Mustafa Özel: Benimle kısa bir süre önce bir röportaj yaptılar. Yakında yayınlarlar. İki soru ilettiler. Bir: Şu anda bu anormal şartlarda ne yapıyorsunuz? İki: Normale döndüğünüzde yapmak istemediğiniz şey nedir? Dedim ki ben normalimi bulmuş durumdayım. İnşallah salgın bir an önce biter. Ama daha önce yaşadığımız anormaldi. Şu anda kitaplarımın arasında hiçvakit kaybetmiyorum. Dersimi buradan yapıyorum. Okuyorum yazıyorum, yazıyorum okuyorum. Bu çok güzel bir normal benim için. Bu noktaya gelinceye kadar bir sürü işler yaptım. İş hayatında işlerim oldu, vakıf yöneticilikleri falan... Bunların hiçbirinden de şikâyetçi değilim. İlişkilerimden de görevlerimden de... Ama hiçbiri aslında tam arzu ettiğim şeyler değildi. Benim yapmam gereken buydu. Artık hiçbirini yapmak istemiyorum. Sadece evime kapanıp bunları yapmak istiyorum. Bunun benim için normal olmasını, ama bütün insanların da bu salgından kurtulmasını Cenab-ı Hakk tan diliyorum.
Neslihan Demirci: Kanaat Ekonomisi kitabını yazmayı düşünüyor musunuz?

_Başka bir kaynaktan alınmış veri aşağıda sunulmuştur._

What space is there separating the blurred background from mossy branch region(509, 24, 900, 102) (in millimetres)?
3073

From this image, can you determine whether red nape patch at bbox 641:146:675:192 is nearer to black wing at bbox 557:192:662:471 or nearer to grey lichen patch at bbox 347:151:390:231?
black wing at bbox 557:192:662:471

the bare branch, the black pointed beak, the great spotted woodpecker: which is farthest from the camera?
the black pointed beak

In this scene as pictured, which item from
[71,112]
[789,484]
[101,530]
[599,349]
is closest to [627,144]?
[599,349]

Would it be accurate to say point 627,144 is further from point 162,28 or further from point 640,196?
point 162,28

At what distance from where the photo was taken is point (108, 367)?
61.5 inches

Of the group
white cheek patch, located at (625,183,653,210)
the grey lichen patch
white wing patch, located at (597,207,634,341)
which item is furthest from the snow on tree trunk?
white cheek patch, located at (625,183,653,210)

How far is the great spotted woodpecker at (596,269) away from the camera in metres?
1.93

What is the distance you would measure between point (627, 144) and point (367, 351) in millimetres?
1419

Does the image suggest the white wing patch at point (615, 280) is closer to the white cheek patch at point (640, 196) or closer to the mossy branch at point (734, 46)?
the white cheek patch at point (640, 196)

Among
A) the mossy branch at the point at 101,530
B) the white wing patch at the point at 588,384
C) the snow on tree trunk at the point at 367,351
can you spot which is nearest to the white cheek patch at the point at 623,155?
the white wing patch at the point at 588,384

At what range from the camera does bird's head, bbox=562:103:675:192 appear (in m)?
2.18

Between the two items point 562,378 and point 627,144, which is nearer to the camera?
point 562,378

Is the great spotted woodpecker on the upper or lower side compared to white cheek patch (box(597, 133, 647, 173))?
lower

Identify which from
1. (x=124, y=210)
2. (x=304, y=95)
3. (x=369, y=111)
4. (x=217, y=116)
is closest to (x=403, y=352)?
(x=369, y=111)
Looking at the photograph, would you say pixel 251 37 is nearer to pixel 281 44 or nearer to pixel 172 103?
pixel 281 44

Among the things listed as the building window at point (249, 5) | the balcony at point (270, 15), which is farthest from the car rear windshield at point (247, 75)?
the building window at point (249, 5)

Mustafa Özel: Bu sene, bugüne kadar yazdığım 8-10 kadar hacimli iktisat yazım var. Bunları Meşru İktisat isimli bir kitapta bir araya getirmeyi düşünüyorum. Yaz boyunca Allah bir elem keder vermezse Kanaat Ekonomisi risalesini yazmak istiyorum. Müstakil bir kitap değil de Meşru İktisat kitabının -Makul Yönetici çıktı biliyorsunuz-bu da Meşru İktisat... Meşru İktisat ın girişi kanaat ekonomisi üzerine. Orada biraz da edebiyat ve iktisatla içiçe. Böyle bir şey yapmayı planlıyorum. Bakalım bu yeni normalde ne yapacağız görelim!
İbrahim Ethem Gören: Muhterem Mustafa Hocam. Değerli arkadaşlarımız. Nazik ilgi ve teşrifleriniz için müteşekkiriz. Geceniz mübarek olsun.